Let’s be honest, figuring out how to be happy with yourself in the moment can be a bit of a struggle. I personally find myself always thinking I’ll be happy when… and then focusing on achieving those goals. Although there is nothing wrong with trying to make yourself happier, we should be cultivating our current happiness, too. This slight obsession we have with figuring out our own happiness may be due to the fact that we’re bad at it—or at least that’s what some research says.
“We aren’t always particularly good at it, and we seem to be getting worse,” says Sherry Benton, Ph.D., who has more than 25 years of experience in counseling psychology and is also the founder and chief science officer of TAO Connect. According to the 2017 World Happiness Report, the United States ranked 3rd among the Organisation for Economic Cooperation and Development (OECD) countries in 2007; but it since has declined to the 19th spot (in 2016).
Meet the Expert
Sherry Benton, Ph.D. is the founder and chief science officer of TAO Connect, a therapy assistance program.
What’s interesting is that some of the things that we think may make us happy actually won’t do so long term. Based on scientific research conducted over the past 40 years, Benton says that most of us need a basic level of financial security and stability to be happy. But beyond that, making more money doesn’t necessarily add to our happiness.
Things like raises, promotions, new houses, or other new possessions feel good for only a few fleeting moments, but they have no long-term benefits.
“Things like raises, promotions, new houses, or other new possessions feel good for only a few fleeting moments, but they have no long-term benefits,” the expert tells us. So what tends to push the needle when it comes to happiness? Family, friendship, social connections, new experiences, and gratitude and compassion are some. “Real happiness is not a destination—it’s a journey,” Benton tells us. “We experience happiness in the here and now from the choices we make in our daily lives.”
With this idea in mind, we asked Benton to help us round up 10 ways for you to be happy right now. Keep reading and then get started.

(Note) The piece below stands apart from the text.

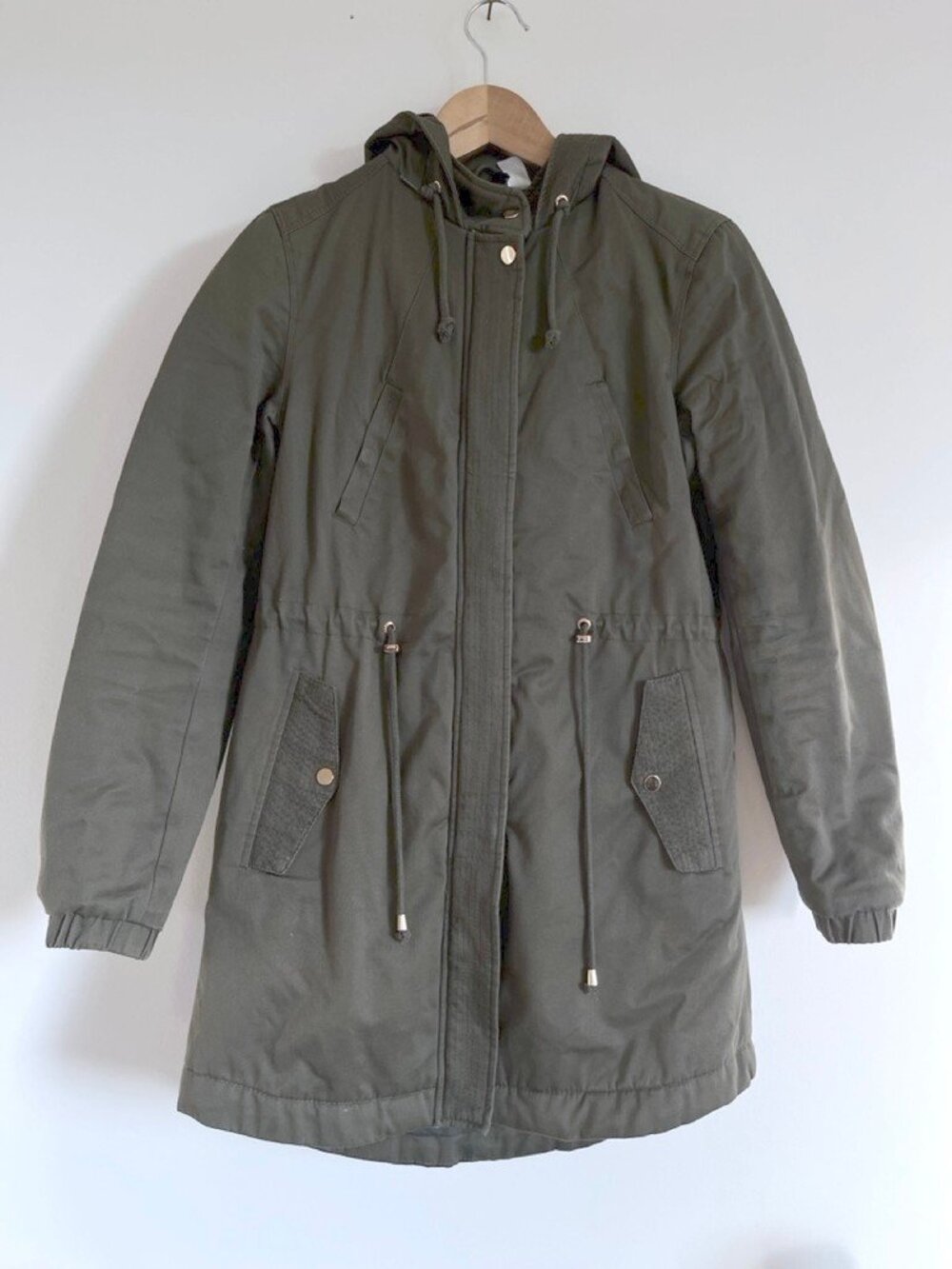 H&M Divided Hooded Utility Parka Jacket Olive Green 6 Gorpcore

Embrace Experiences Over Things
Pursue new experiences, rather than new things. Forgo buying material things. Rather, favor experiences. Book vacations, take fun strolls in the park, purchase tickets to concerts or unique performances. “Go someplace new or do something new,” Benton suggests.
Not only is this activity helpful in reducing anxiety and depression, but it will also help keep you grounded. And did we mention its health benefits? “Mindfulness meditation for just 10 minutes per day can lower blood pressure and pain levels,” says Benton.

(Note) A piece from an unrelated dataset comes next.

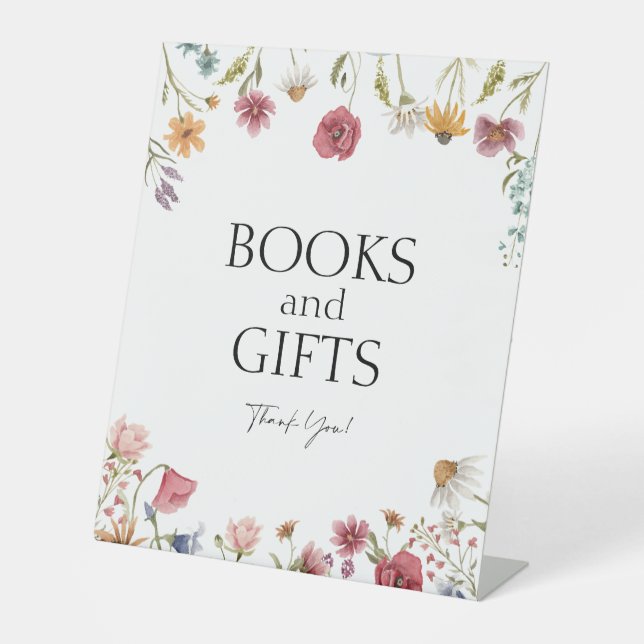 Books And Gifts Baby Shower Sign Floral (Front)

Make a Daily Gratitude List
We become more satisfied when we focus on what is good and right. “Take time to turn off your steady stream of negative and worrisome thoughts each day,” the expert says.

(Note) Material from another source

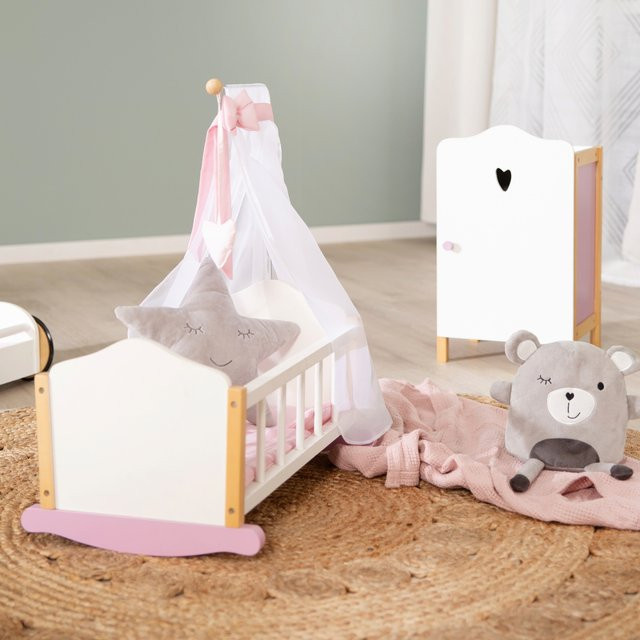 Roba Puppenwiege Scarlett, Holz, Weiß, Rosa / Pink - Bild 1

Cultivate an Active Social Support Network
“We all do better when we have a community we feel connected to,” Benton explains. No matter what, carve out time to spend with family and friends because these will be the people who will always have your back.
When we are compassionate and caring toward others, we end up becoming happier in our own lives. Volunteer at the soup kitchen, mentor at-risk youth, or simply help a family member or friend.
Avoid Being Judgmental
“When we become judgmental and critical, the dopamine system shuts down,” Benton says. “Then we become unhappier and dissatisfied with our lives.” In case you didn’t know, happiness is connected with the release of dopamine, a substance that carries signals between your brain cells.
Yes, a trip to the gym is always good, but working out in fresh air is better. Benton says research indicates that being outdoors makes us happier. Try walking, biking, or really anything that will just get you moving.
Engage in Activities That You Find Completely Absorbing
Ideally, you are trying to get yourself into a mental state known as “flow.” Such activities include creating something, participating in sports, cooking, writing, playing music, knitting, fishing, and sailing. Flow is when we forget about ourselves and our own ego and are completely focused on the experience, according to Benton.
Enjoy Your Work
It can be difficult, but you prioritize finding a career that you genuinely enjoy (for the most part). Benton says to try to find a work situation that uses your strengths, where you can experience some success, and where you enjoy your co-workers’ company.
Get a Good Night’s Sleep
No excuses—you should try to get at least seven hours of sleep every night. “It makes a big difference in your energy, enthusiasm, and general happiness throughout the day,” Benton explains.